## [GIVEN DATA]
Segment Open

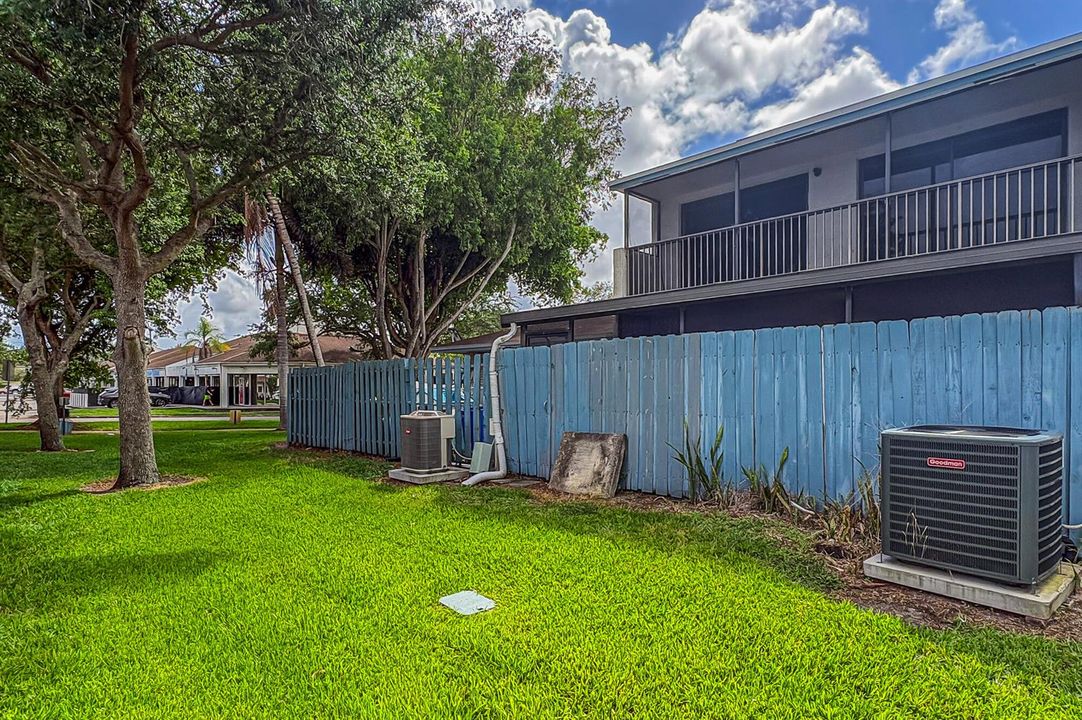 4003 W Woodscape Dr #2K-49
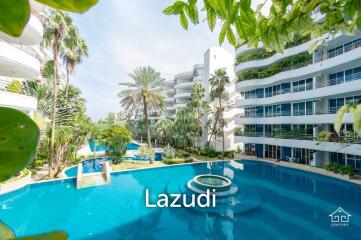 BAAN CHAI TALAY : 2 Bed Beachfront condo with Pool view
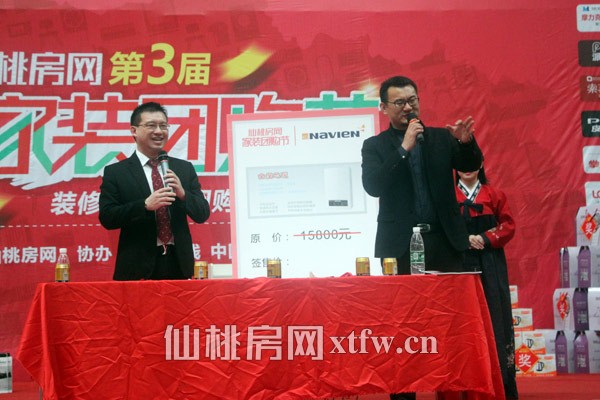 纳碧安展位前排队咨询领取现金红包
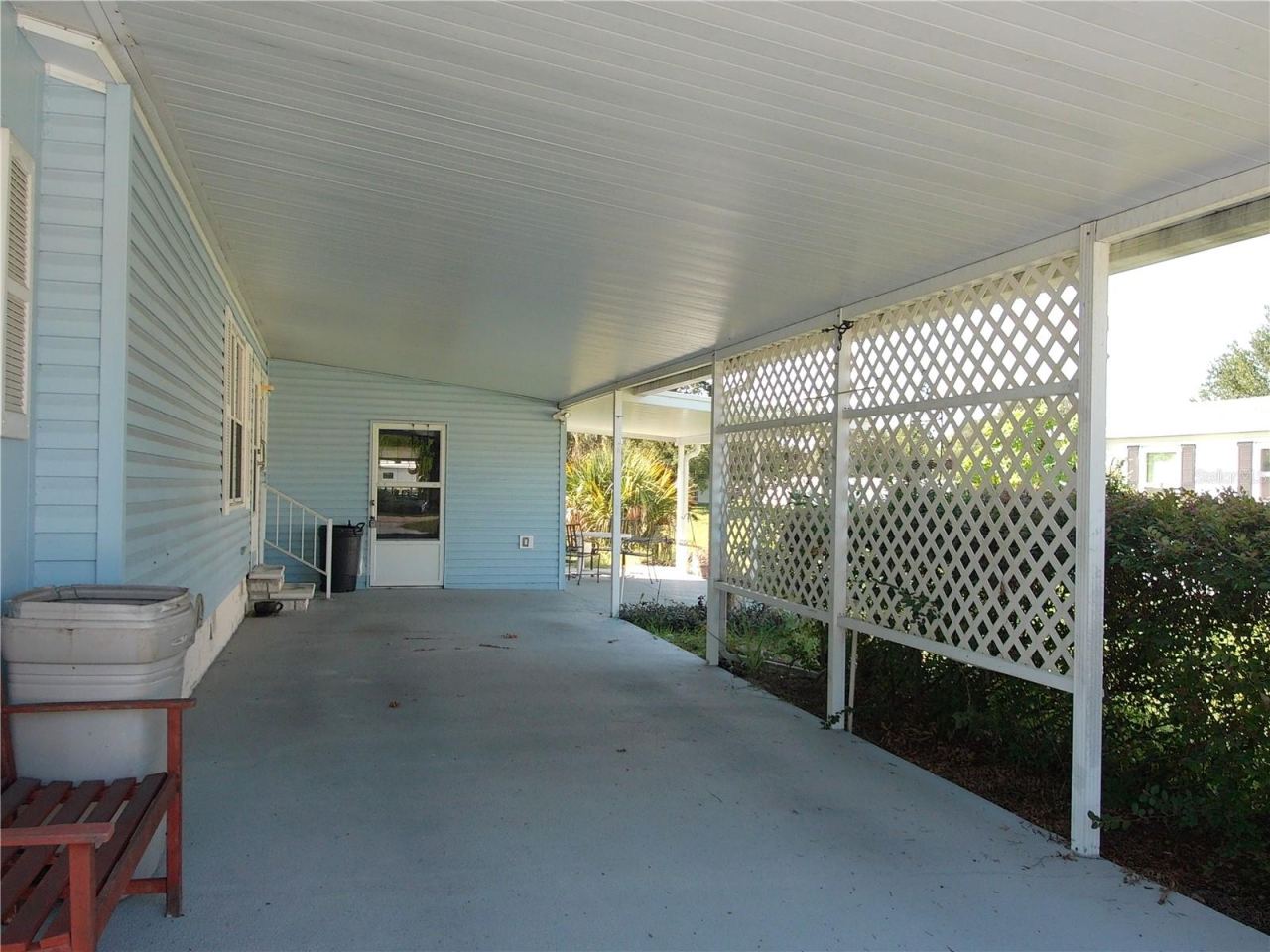 Photo 5 of 20: Carport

Segment Closed

## [WHAT TO DO]
Set the listing above down again exactly, leaving pictures out.

## [PROBLEM SOLUTION]
 4003 W Woodscape Dr #2K-49
 BAAN CHAI TALAY : 2 Bed Beachfront condo with Pool view
 纳碧安展位前排队咨询领取现金红包
 Photo 5 of 20: Carport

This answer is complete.